Dersim Barosu, Dersim’deki çevresel sorunlar, HES ve maden ocaklarına ilişkin Gola Çetu’da açıklama yaptı. Yapılan açıklamada, “Toplum yararını yok sayan yatırımlar, tarihi, kültürel ve doğal varlıklarımızın insan eliyle yok edilmesi, sürdürülebilir yaşamı tehdit etmektedir.” denildi.
Dersim’de hızla artan çevre tahribatına, madencilik faaliyetlerine, hidroelektrik santrali projelerine karşı hukuki ve toplumsal sorumluluklarını dile getirmek için Gola Çeto’da bir araya geldiklerini ifade eden Dersim Barosu Başkanı Doğukan Kudat, “Toplum yararını yok sayan yatırımlar, tarihi, kültürel ve doğal varlıklarımızın insan eliyle yok edilmesi, sürdürülebilir yaşamı tehdit etmektedir. Çevre, yalnızca bugünün değil, gelecek kuşakların da ortak varlığıdır. Anayasa’nın 56. maddesi açıkça, herkesin sağlıklı ve dengeli bir çevrede yaşama hakkına sahip olduğunu ve çevreyi geliştirmek, çevre sağlığını korumak ve çevre kirlenmesini önlemenin devletin ve vatandaşların görevi olduğunu düzenlemektedir. Dersim’in her bir karış toprağı binlerce yıllık kültürel, tarihi ve ekolojik mirasın sembolüdür. Burada yürütülmek istenen madencilik faaliyetleri ve benzeri projeler, sadece doğayı değil, insan yaşamını, geçim kaynaklarını ve kültürel dokuyu da tehdit etmektedir” dedi.
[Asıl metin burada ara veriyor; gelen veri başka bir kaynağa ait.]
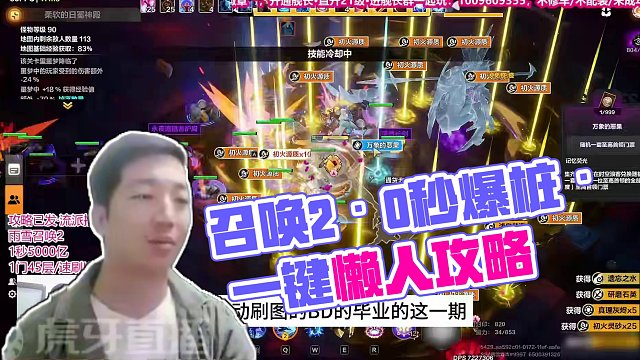 召唤2·0秒爆桩·一键懒人单手通过所有，6套BD代码保姆级攻略 #火炬之光无限 #火炬之光 #雾都怪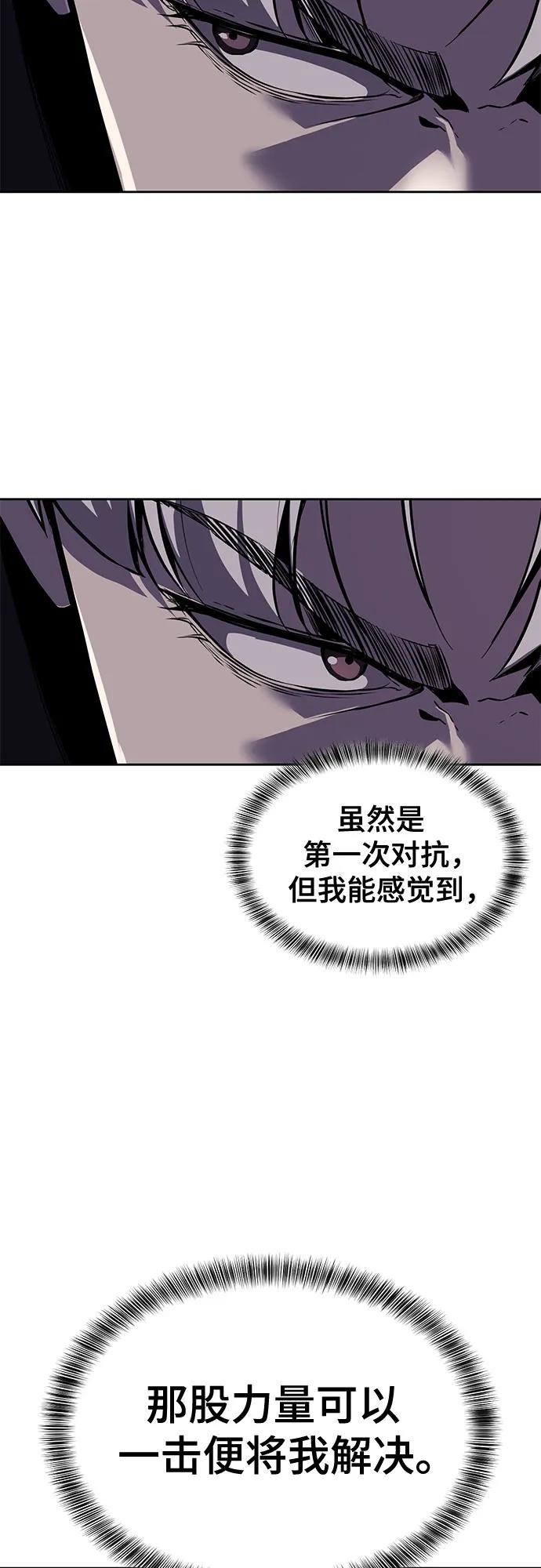 [第2部] 第117话 境界60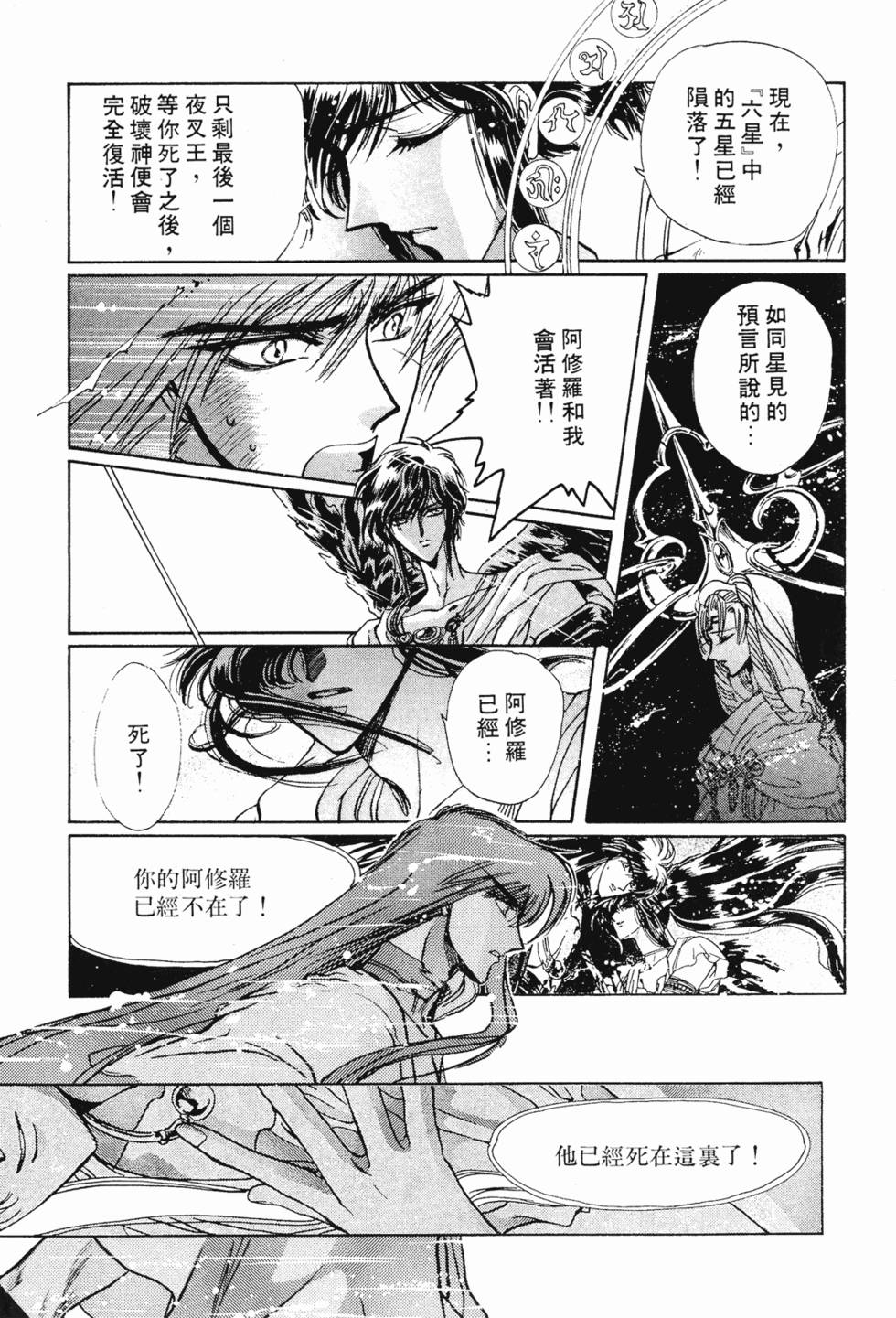 第193页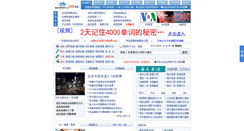 Desktop Screenshot of hxen.com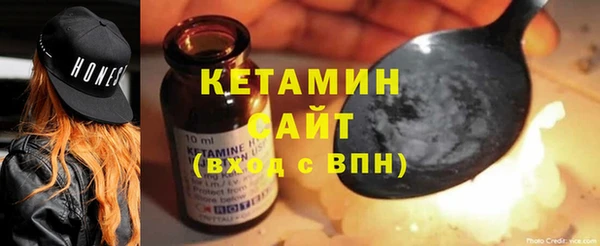 прущий лед Елабуга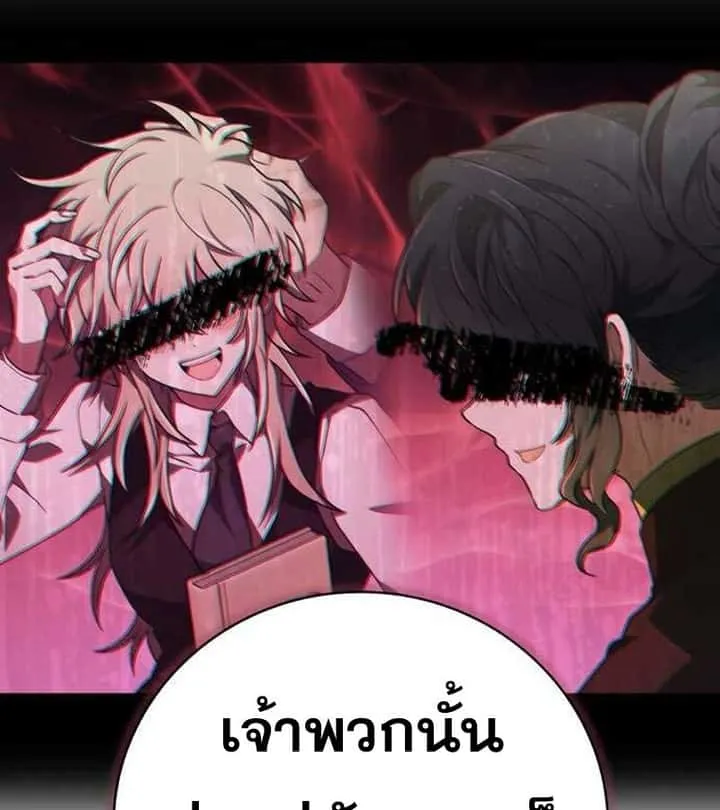 I Become a Legendary Arch Mage by Reading a Book ฉันกลายเป็นจอมเวทย์ในตำนานจากการอ่านหนังสือ ตอนที่ 36 หน้า 110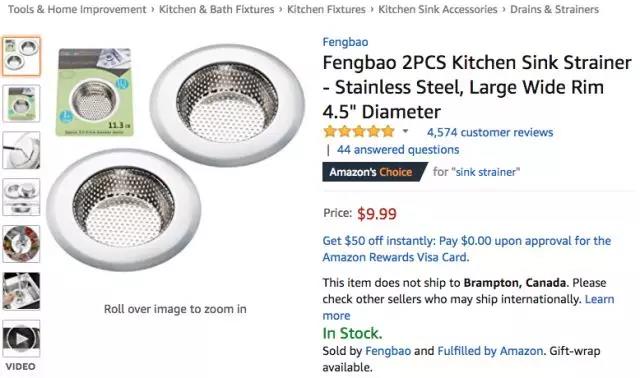 亚马逊爆款选品：智能插座再度霸榜，智能家居风潮持续高涨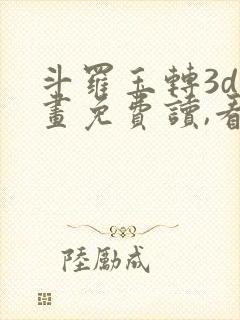 斗罗玉转3d漫画免费读,看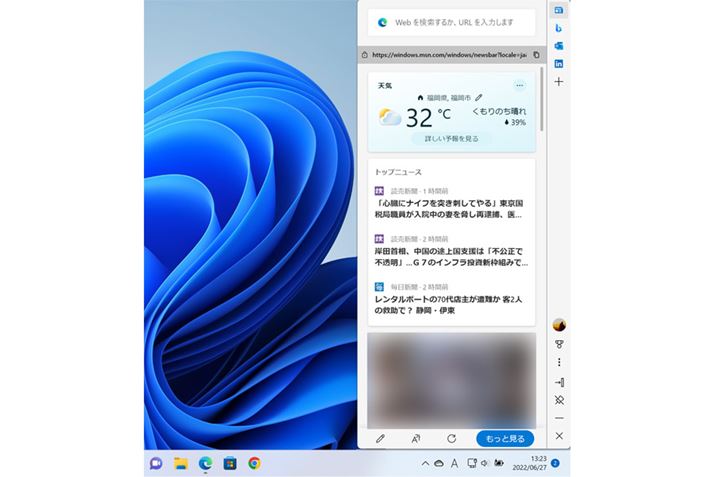 Œ\Edge o[BƒוȂǂɗpƕ֗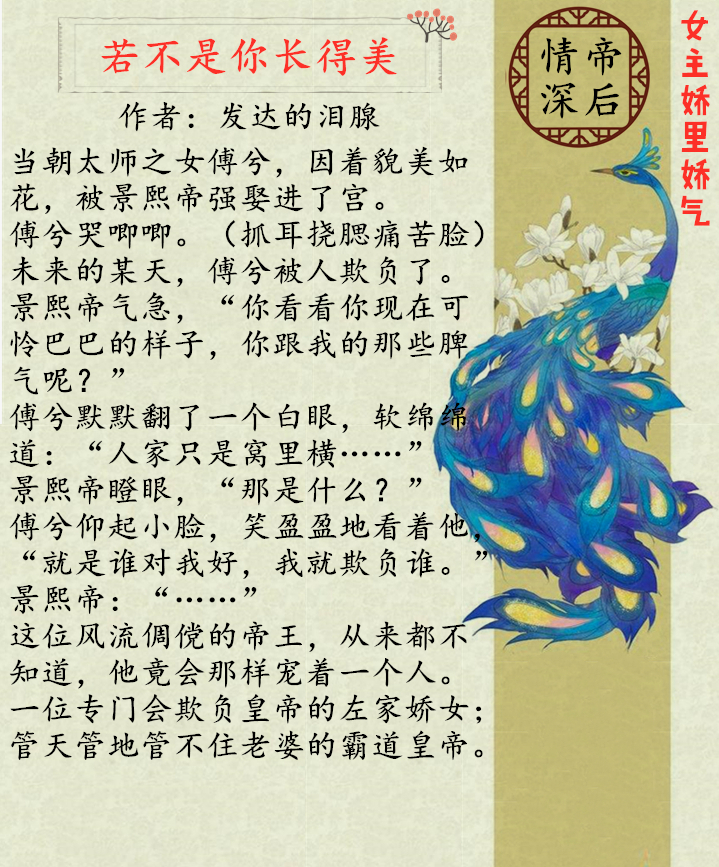 娇气女主小说推荐,女主娇里娇气的末世文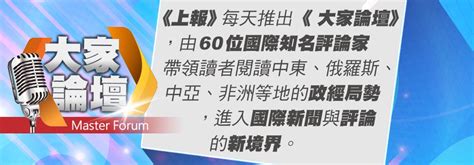 《大家論壇》普丁視角：烏俄早已相互仇視 開戰只是陷入瘋狂狀態 上報 大家論壇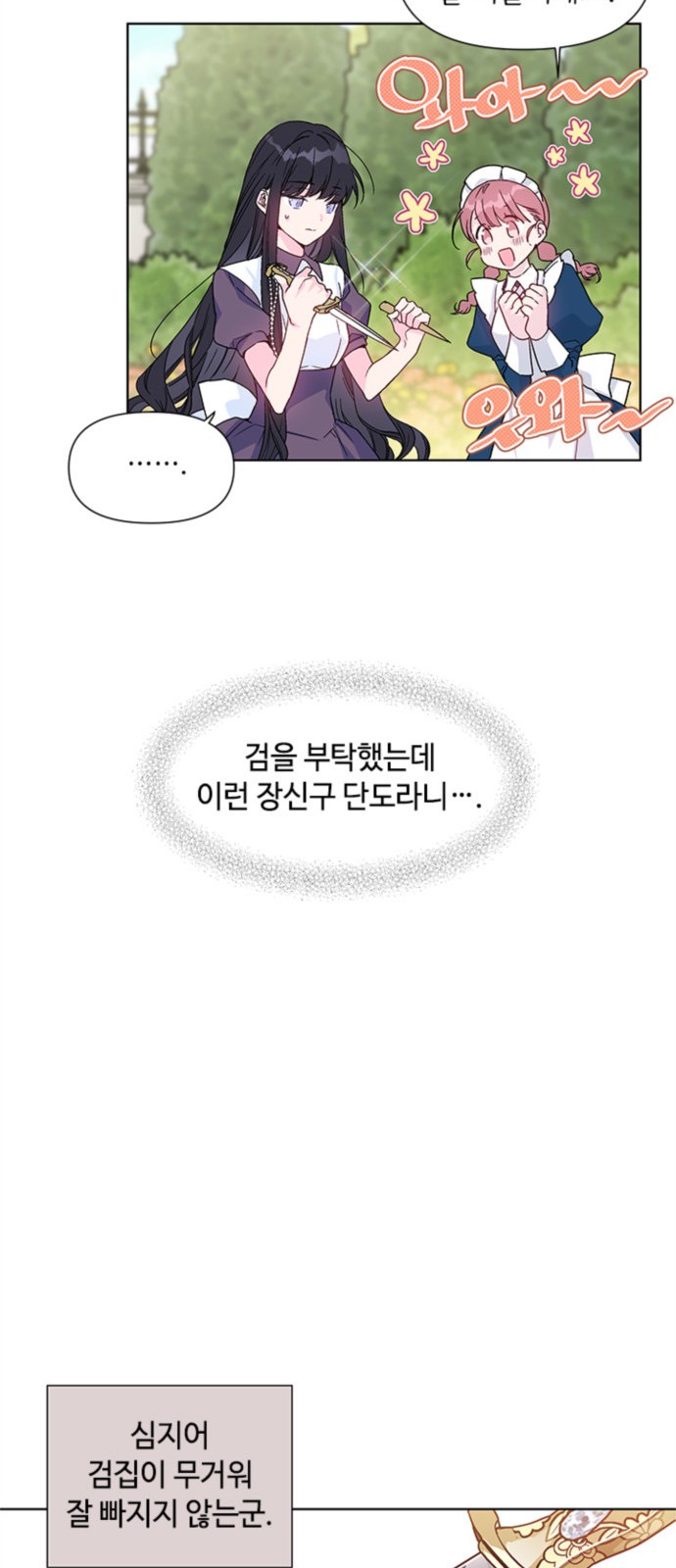 45 페이지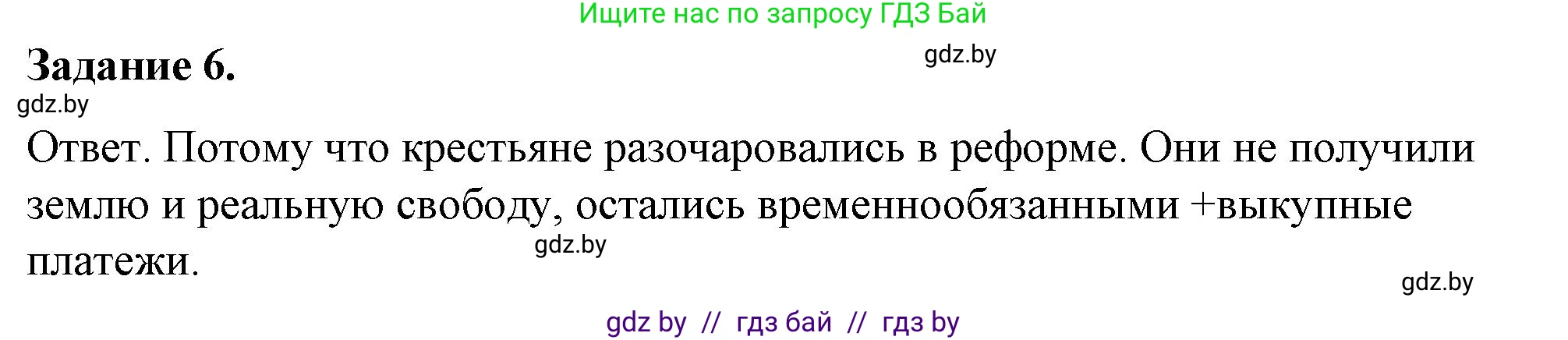 История Беларуси (Гісторыя Беларусі), 8 класс рабочая тетрадь, автор: Панов Сергей Вениаминович, издательство Аверсэв, Минск, 2019, зелёного цвета, страница 32, номер 6, Решение 2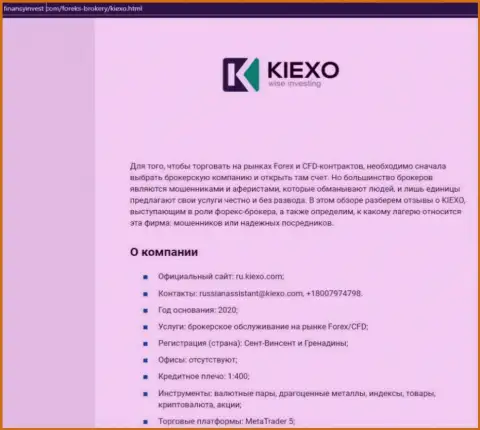 Данные о Форекс брокере KIEXO на сайте finansyinvest com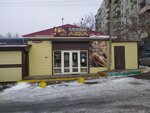 ПлюшЪка (Zelyonaya Street, 39), bakery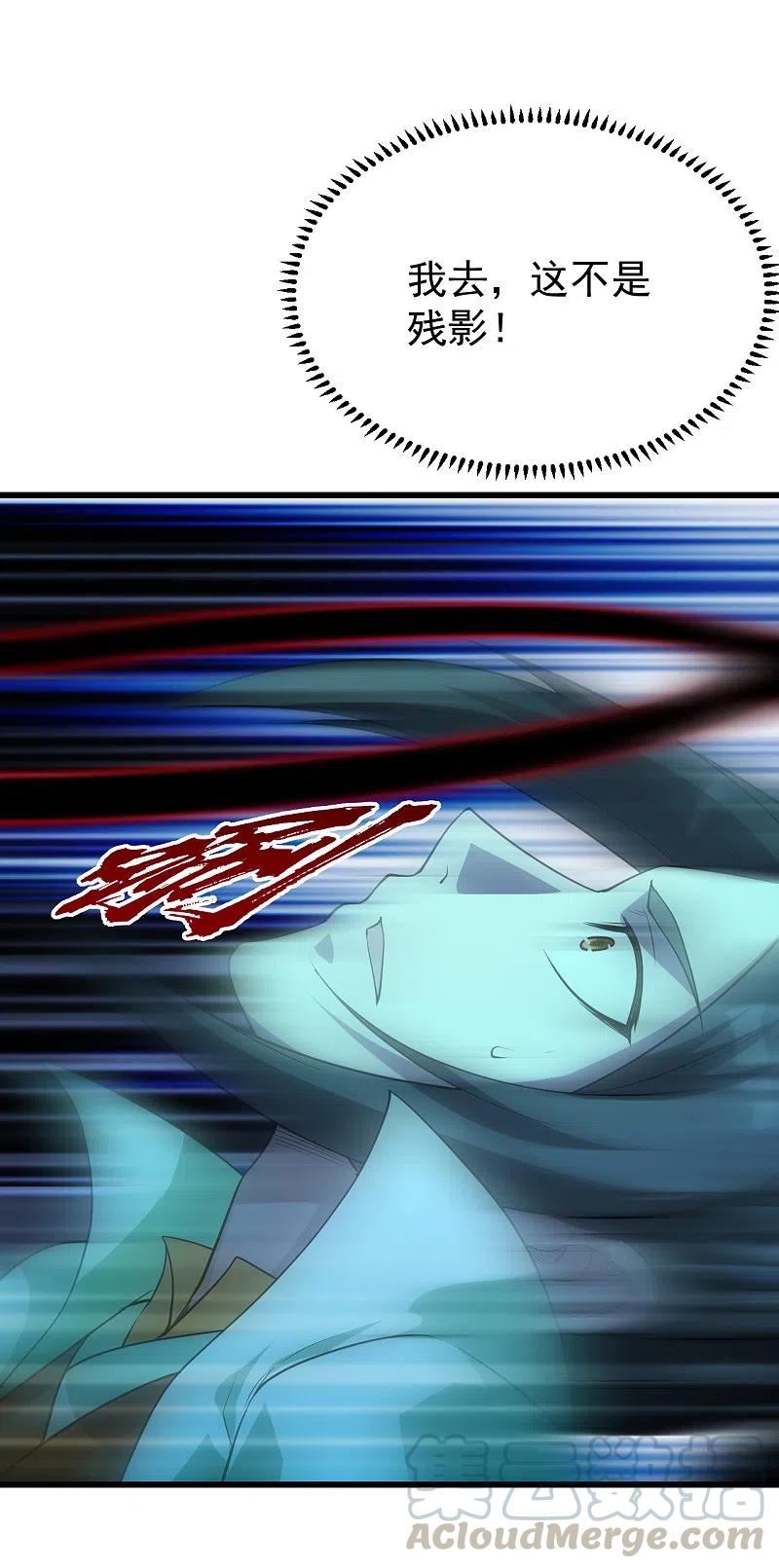 盖世帝尊203话 乳臭未乾的小子！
“YETKİLİLERİ SORUMLU DAVRANMAYA DAVET EDİYORUZ”
Nehirleri ve dereleri soykırıma uğratan uygulamalara karşı vicdani olarak sorumluluk hissettiklerini belirten Kudat, “Bu nedenle; hukuka aykırı projelere karşı tüm yasal yolları kullanacağımızı, ekosistemi tahrip eden hiçbir girişime izin vermeyeceğimizi, halkın yaşam alanlarının ve sağlıklı çevre hakkının korunması için kararlılıkla mücadele edeceğimizi bir kez daha ifade ediyoruz. Dersim Barosu olarak, çevre hakkının yalnızca hukuki bir mesele değil, insan hakkı olduğunun altını çiziyor, kamuoyunu ve yetkilileri sorumlu davranmaya davet ediyoruz” diye konuştu.